DATA RECORDS:
* * *

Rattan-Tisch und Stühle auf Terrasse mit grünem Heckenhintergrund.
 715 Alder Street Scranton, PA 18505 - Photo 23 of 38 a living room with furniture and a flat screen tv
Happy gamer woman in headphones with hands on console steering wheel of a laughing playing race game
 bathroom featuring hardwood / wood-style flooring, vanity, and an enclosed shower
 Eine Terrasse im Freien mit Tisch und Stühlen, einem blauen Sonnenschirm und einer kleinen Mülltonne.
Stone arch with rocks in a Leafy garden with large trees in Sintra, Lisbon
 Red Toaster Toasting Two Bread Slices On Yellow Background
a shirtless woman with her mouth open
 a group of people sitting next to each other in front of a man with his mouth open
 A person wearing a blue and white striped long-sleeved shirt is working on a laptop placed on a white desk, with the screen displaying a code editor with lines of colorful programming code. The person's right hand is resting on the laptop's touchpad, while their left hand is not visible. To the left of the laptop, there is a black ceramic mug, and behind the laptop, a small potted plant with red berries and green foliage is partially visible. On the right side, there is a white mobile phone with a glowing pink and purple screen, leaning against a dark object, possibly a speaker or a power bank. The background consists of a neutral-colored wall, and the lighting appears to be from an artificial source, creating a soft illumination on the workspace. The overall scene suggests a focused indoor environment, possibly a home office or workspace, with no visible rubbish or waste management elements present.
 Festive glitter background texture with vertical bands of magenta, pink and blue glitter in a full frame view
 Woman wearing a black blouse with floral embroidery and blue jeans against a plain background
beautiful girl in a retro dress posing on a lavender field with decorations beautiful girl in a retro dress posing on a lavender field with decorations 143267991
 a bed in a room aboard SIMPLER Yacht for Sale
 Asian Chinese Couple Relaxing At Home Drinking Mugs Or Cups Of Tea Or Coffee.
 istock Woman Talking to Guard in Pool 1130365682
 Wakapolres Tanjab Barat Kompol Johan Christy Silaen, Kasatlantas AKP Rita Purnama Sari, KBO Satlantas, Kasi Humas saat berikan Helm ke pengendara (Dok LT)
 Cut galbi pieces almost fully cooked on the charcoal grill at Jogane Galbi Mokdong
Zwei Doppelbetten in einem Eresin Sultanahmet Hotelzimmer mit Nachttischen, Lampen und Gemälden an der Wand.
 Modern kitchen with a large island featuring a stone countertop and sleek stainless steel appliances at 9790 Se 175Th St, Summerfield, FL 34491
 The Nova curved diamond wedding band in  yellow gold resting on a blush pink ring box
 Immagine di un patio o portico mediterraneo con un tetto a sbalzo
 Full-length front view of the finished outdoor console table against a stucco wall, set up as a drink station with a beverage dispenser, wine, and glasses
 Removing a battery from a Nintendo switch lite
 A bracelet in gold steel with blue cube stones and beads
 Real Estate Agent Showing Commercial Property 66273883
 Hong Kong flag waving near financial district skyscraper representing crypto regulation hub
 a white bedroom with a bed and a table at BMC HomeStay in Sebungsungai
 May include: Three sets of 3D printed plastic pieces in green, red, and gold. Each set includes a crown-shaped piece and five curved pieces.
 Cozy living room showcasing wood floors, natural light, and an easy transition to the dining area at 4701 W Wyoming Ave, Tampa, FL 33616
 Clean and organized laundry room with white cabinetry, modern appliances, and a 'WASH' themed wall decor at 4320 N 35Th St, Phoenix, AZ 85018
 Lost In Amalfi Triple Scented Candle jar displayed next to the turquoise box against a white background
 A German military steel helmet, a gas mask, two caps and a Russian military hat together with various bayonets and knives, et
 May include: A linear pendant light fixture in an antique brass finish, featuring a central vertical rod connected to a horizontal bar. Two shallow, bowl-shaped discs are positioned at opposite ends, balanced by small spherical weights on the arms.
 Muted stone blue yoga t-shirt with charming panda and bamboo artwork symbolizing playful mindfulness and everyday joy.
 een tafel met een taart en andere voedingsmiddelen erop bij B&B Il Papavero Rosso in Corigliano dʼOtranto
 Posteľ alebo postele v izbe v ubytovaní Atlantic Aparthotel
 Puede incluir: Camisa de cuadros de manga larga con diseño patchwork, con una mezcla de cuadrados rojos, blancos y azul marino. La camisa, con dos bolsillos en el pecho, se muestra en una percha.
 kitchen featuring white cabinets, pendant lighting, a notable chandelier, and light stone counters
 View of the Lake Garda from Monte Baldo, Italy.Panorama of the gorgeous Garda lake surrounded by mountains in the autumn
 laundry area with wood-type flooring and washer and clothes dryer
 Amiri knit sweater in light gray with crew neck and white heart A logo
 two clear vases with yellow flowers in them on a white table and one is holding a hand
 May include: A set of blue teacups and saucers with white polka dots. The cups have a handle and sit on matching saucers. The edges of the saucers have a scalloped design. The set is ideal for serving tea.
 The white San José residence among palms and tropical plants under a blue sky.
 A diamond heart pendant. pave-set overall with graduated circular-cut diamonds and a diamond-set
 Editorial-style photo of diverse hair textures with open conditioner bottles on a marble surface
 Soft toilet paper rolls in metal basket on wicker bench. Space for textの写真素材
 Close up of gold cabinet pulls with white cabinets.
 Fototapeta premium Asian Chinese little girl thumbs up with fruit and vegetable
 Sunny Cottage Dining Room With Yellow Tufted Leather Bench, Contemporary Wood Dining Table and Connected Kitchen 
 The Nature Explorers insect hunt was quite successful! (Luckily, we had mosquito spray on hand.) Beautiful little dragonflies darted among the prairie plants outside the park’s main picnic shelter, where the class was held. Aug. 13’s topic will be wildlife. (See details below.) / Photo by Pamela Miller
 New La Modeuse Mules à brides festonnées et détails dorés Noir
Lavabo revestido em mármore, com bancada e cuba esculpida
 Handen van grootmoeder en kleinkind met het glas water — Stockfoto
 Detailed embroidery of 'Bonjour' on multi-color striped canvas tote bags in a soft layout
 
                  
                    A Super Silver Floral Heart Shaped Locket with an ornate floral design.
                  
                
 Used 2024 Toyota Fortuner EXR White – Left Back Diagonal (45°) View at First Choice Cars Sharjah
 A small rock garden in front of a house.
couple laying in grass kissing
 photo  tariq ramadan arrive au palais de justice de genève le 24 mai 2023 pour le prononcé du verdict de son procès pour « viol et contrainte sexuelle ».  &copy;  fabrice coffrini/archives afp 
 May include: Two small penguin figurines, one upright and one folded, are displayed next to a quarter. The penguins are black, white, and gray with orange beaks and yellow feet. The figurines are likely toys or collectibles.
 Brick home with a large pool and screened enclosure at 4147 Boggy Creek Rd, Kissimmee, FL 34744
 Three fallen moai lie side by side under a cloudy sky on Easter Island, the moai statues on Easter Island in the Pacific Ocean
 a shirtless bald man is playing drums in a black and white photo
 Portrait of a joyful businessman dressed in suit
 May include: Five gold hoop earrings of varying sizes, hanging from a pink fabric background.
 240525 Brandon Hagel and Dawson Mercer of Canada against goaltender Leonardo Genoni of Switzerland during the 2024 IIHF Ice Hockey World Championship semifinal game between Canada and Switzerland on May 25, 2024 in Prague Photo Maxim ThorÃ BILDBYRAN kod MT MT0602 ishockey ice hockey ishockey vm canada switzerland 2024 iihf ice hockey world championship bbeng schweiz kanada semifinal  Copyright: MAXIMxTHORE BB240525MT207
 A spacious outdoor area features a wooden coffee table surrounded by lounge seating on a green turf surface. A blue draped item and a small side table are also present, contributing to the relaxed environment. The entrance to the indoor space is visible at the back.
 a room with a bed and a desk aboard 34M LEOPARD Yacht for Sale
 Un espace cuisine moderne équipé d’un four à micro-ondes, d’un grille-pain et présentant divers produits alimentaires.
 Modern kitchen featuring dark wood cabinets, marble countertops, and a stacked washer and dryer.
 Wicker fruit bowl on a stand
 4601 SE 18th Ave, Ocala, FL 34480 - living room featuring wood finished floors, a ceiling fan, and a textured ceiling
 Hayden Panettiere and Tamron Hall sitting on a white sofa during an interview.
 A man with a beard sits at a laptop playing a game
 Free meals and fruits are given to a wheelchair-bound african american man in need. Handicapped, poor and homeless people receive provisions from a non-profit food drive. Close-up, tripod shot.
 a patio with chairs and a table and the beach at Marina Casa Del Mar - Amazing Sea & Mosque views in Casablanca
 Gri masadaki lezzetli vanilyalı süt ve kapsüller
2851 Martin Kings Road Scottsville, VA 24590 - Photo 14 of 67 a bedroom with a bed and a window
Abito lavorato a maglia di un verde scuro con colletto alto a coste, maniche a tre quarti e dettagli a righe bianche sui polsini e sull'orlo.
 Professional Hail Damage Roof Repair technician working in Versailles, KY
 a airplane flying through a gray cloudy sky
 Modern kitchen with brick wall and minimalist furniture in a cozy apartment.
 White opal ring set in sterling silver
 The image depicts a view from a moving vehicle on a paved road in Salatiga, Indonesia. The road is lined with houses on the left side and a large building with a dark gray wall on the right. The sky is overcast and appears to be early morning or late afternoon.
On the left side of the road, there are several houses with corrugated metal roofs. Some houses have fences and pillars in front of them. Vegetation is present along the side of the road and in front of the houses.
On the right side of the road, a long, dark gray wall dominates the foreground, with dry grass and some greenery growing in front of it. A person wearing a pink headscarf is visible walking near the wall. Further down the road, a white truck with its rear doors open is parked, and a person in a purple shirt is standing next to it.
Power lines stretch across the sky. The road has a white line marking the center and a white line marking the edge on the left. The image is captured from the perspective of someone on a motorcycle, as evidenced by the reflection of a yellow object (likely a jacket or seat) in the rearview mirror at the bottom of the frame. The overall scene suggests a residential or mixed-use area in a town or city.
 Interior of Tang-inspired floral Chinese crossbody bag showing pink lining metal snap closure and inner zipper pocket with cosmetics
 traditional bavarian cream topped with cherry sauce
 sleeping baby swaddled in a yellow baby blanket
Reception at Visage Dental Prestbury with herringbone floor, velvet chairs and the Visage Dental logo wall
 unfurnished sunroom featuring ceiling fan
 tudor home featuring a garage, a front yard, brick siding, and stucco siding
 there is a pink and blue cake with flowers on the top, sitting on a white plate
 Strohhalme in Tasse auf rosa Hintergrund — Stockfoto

* * *

Reproduce, character for character, only the lines of the preceding data that start at the line with "The Nature Explorers" and end at the line with "New La Modeuse", both included.

YOUR SOLUTION:
 The Nature Explorers insect hunt was quite successful! (Luckily, we had mosquito spray on hand.) Beautiful little dragonflies darted among the prairie plants outside the park’s main picnic shelter, where the class was held. Aug. 13’s topic will be wildlife. (See details below.) / Photo by Pamela Miller
 New La Modeuse Mules à brides festonnées et détails dorés Noir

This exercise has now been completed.